*Task prompt*. An exact repeat is needed of the lines from the one with "Lindt Tulips Solid" through the last line of the data below. Please omit the pictures.

—————

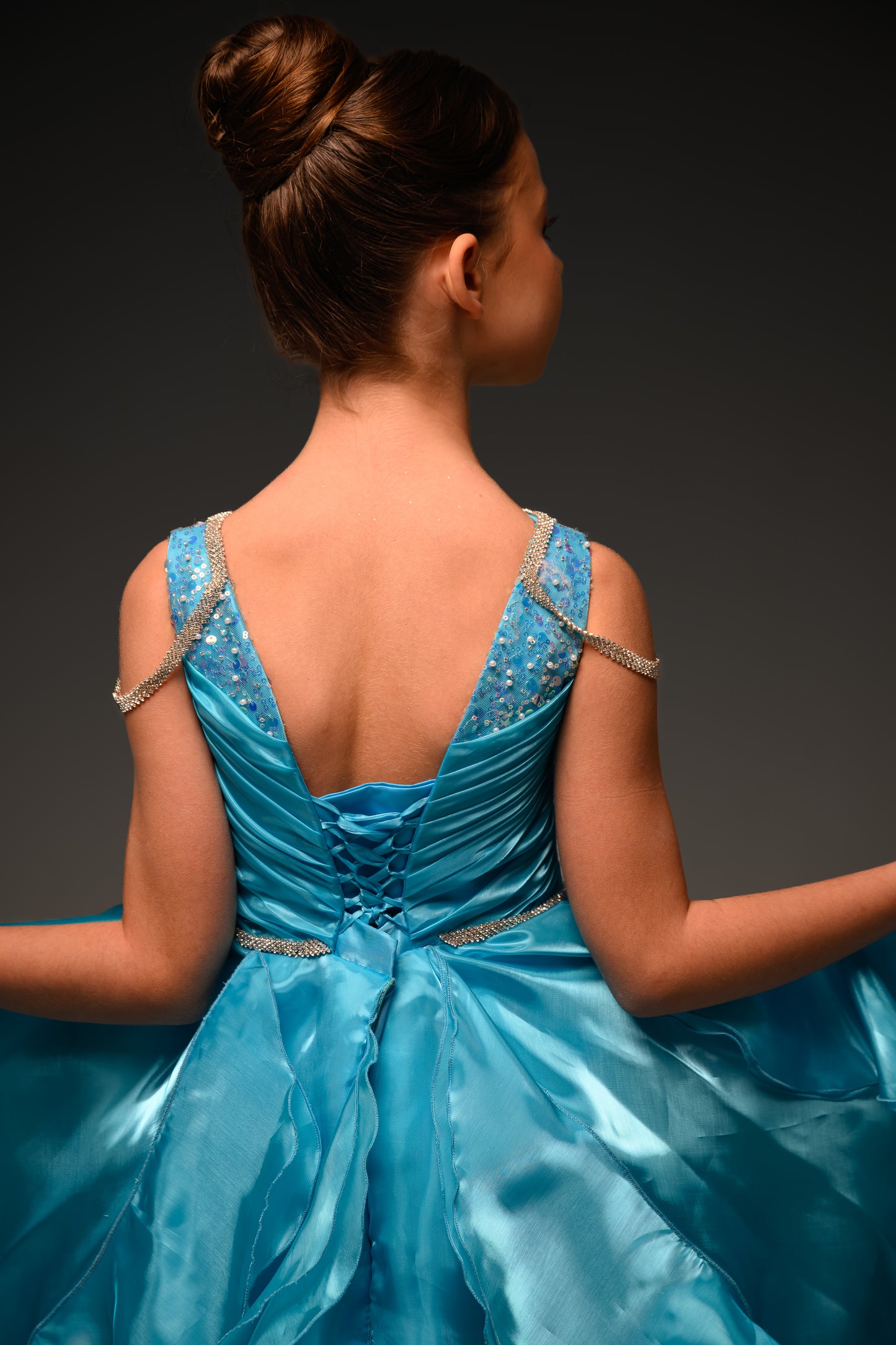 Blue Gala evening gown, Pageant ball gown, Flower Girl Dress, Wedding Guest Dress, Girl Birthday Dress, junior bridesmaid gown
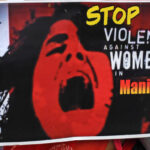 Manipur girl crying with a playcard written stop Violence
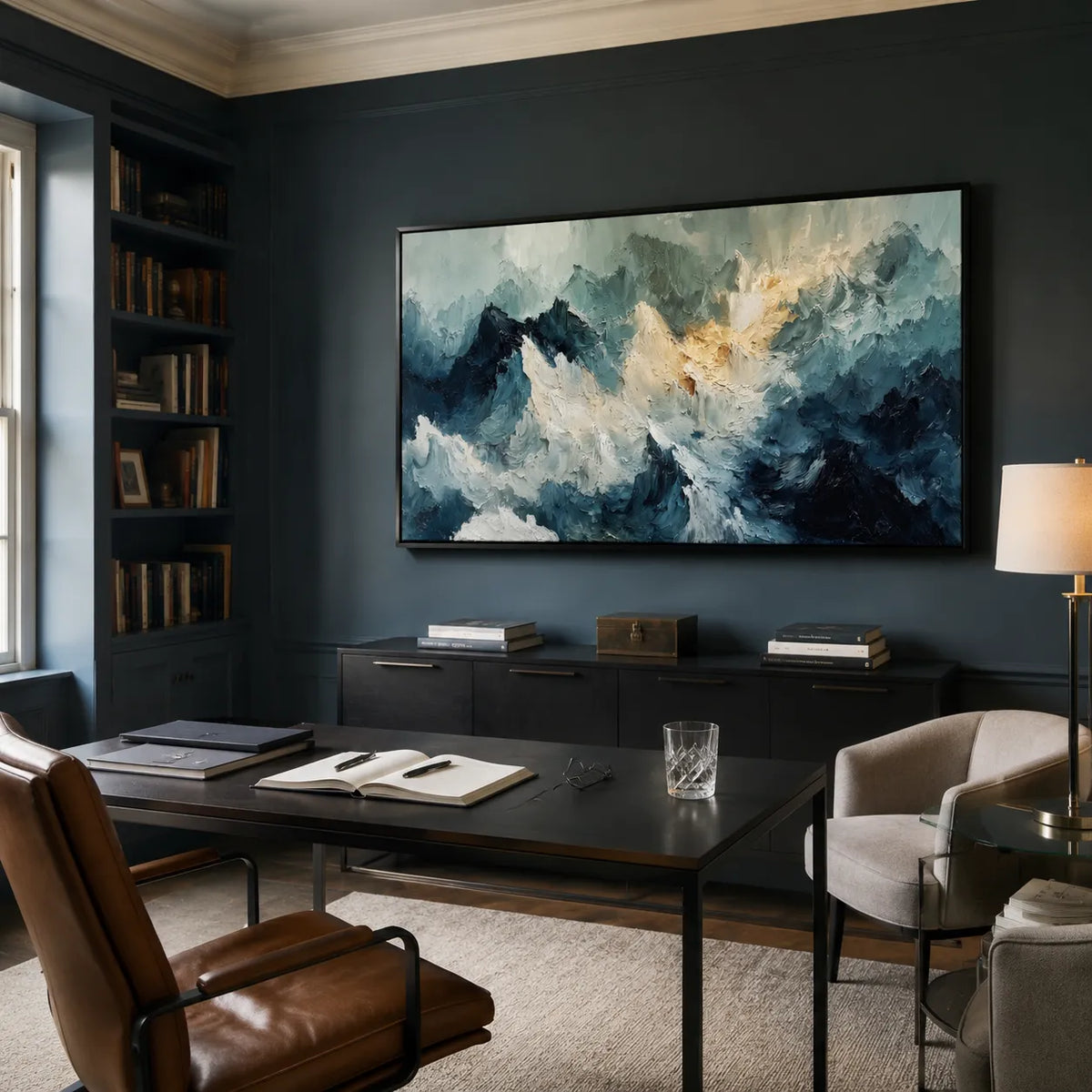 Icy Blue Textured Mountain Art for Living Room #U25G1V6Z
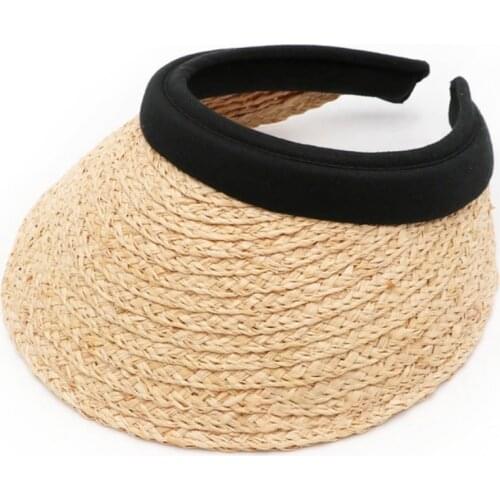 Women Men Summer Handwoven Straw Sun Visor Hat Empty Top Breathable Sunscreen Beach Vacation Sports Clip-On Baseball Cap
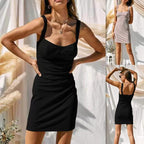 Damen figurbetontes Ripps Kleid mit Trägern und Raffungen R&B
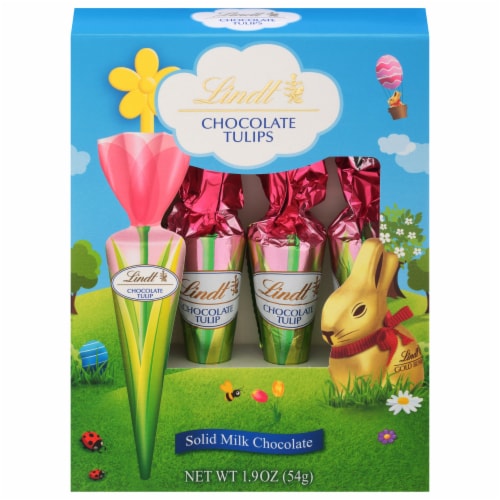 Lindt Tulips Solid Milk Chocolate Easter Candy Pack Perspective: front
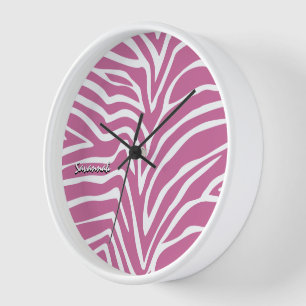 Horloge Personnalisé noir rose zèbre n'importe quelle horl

—————

*Answer section*.
 Lindt Tulips Solid Milk Chocolate Easter Candy Pack Perspective: front
 Horloge Personnalisé noir rose zèbre n'importe quelle horl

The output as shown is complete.